Méridien de Paris, salle Cassini, 61 avenue de l'Observatoire (14ème arrondissement)
Méridien de Paris, salle Cassini, 61 avenue de l’Observatoire (14ème arrondissement) [4]

C’est avec l’avènement du chemin de fer qui fait franchir des frontières rapidement aux hommes du 19e siècle que la nécessité d’une heure universelle se fait jour et donc du choix d’un méridien initial universel. Chaque pays utilise à l’époque un méridien qui lui est propre. Les américains se repèrent par rapport au méridien de Washigton, les allemands à celui de Berlin, les français à  celui Paris (image), les italiens à Rome, les russes, à Pulkowa etc.

 

Les dessous d’une négociation

Une première réunion préparatoire [5], la conférence géodésique, a lieu à Rome le 15 octobre 1883 et elle préconise d’employer le méridien de Greenwich qui est déjà largement utilisé, en particulier par les marins anglais, mais aussi les marins américains et russes. Cette première conférence ne balaye pas non plus le méridien de Paris pour plusieurs raisons : le français est l’idiome le plus répandu dans le monde à cette époque-là et l’Observatoire de Paris est moins sujet aux variations géologiques que celui de Greenwich! Ainsi Paris et Greenwich repartent dos à dos de Rome. Mais notez ce petit paragraphe dans la conclusion du rapport de cette conférence :
La conférence espère que, si le monde entier s’accorde sur l’unification des longitudes et des heures, en acceptant le méridien de Greenwich, comme point de départ, la Grande-Bretagne trouvera dans ce fait un motif de faire un nouveau pas en faveur de l’unification des poids et mesures, en adhérant à la convention du mètre du 20 mai 1875.
En donnant la référence du temps aux anglais, l’ensemble de la communauté scientifique européenne espère leur faire adopter les autres références d’unités qui sont d’origine française (le mètre, le kilogramme…), et dont les étalons sont conservés au Pavillon de Breteuil à Sèvres au sein du Bureau International des Poids et Mesures.
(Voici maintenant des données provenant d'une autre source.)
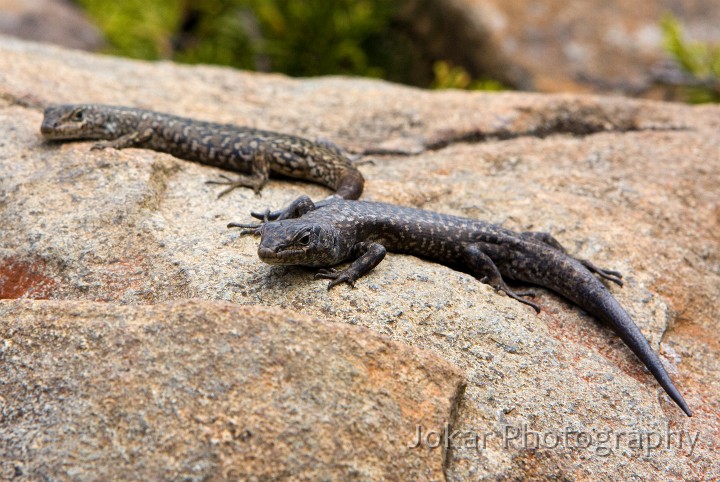 Overland_Track_20090209_643.jpg - Skinks at The Labyrynth, Pine Valley, Overland Track, Tasmania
Mais les français n’entendent pas céder sur le méridien.

 

La conférence de Washington

Jules Janssen
Jules Janssen [7]
Le 1er octobre 1884 se tient donc à Washington la conférence internationale [6] qui acte où positionner le méridien référent pour définir un temps universel et unifier les longitudes. Dans son compte-rendu, l’académicien des sciences français Pierre Jules Janssen s’étonne de la présence de nombreuses délégations de petits états amis des Etats-Unis et donc de l’Angleterre. Dès l’ouverture de la conférence, un délégué américain propose le méridien de Greenwich comme méridien universel. Cette attitude directe, d’aller à l’essentiel et s’abroger de discussions sur la pertinence du choix géographique du méridien offusque les français. Pour résumer les positions (si l’on se fie au rapport français), les français défendent l’idée d’un méridien pris pour des raisons scientifiques avec un souci de neutralité des nations. Ils proposent deux solutions lors de la conférence : un méridien passant par les Açores et un méridien passant au niveau du détroit de Béring:
« dans l’immense nappe d’eau qui sépare l’Amérique de l’Asie, vers ces confins du Nord, où le nouveau monde donne la main à l’ancien ».
Les anglais et les américains prennent le parti d’un méridien utile pour le commerce, or celui de Greenwich est le plus répandu pour le commerce maritime, la question est donc tranchée. Arguments et contre-arguments fusent dans l’assemblée mais tout est déjà joué d’avance. Par exemple, Luis Cruls de l’observatoire de Rio-de-Janeiro et délégué du Brésil a reçu ordre de son empereur de voter pour la France. Juan Valera, missionné par le gouvernement espagnol a reçu l’ordre de voter en faveur de l’Angleterre etc. Au vote final, 22 votes vont à Greenwich quand 3 s’y opposent ou s’abstiennent (France, Brésil, Saint Domingue) [8]. La France n’adoptera l’heure anglaise comme référence universelle qu’en 1911. Cependant, le général britannique Richard Strachey fait l’annonce que l’Angleterre a demandé à rejoindre la convention du mètre, traité international qui fixe les unités reconnues internationalement et y adhère en 1884. Si les anglais ne comptent toujours pas leurs distances en mètre chez eux, le mètre est effectivement reconnu comme unité de référence dans le système international d’unités. Ainsi si la référence universelle du temps fut donnée aux anglais, les références de l’espace et des masses fut française. Les vieux ennemis pouvaient s’accorder et bientôt Einstein conciliera même l’espace et le temps dans sa théorie de la relativité, mais c’est une autre histoire.

Sources :
[1] Wikipedia, L’Observatoire royal de Greenwich
[2] Wikipedia, Marin de Tyr
[3] Wikipedia, El Hierro
[4] Wikipedia, Le méridien parisien (en anglais)
[5] La Revue Scientifique, édition du premier semestre 1884, page 594.
[6] La Revue Scientifique, édition du premier semestre 1885, page 577.
[7] Wikipedia, Pierre Jules César Janssen
[8] Wikipedia, la conférence internationale sur le méridien (en anglais)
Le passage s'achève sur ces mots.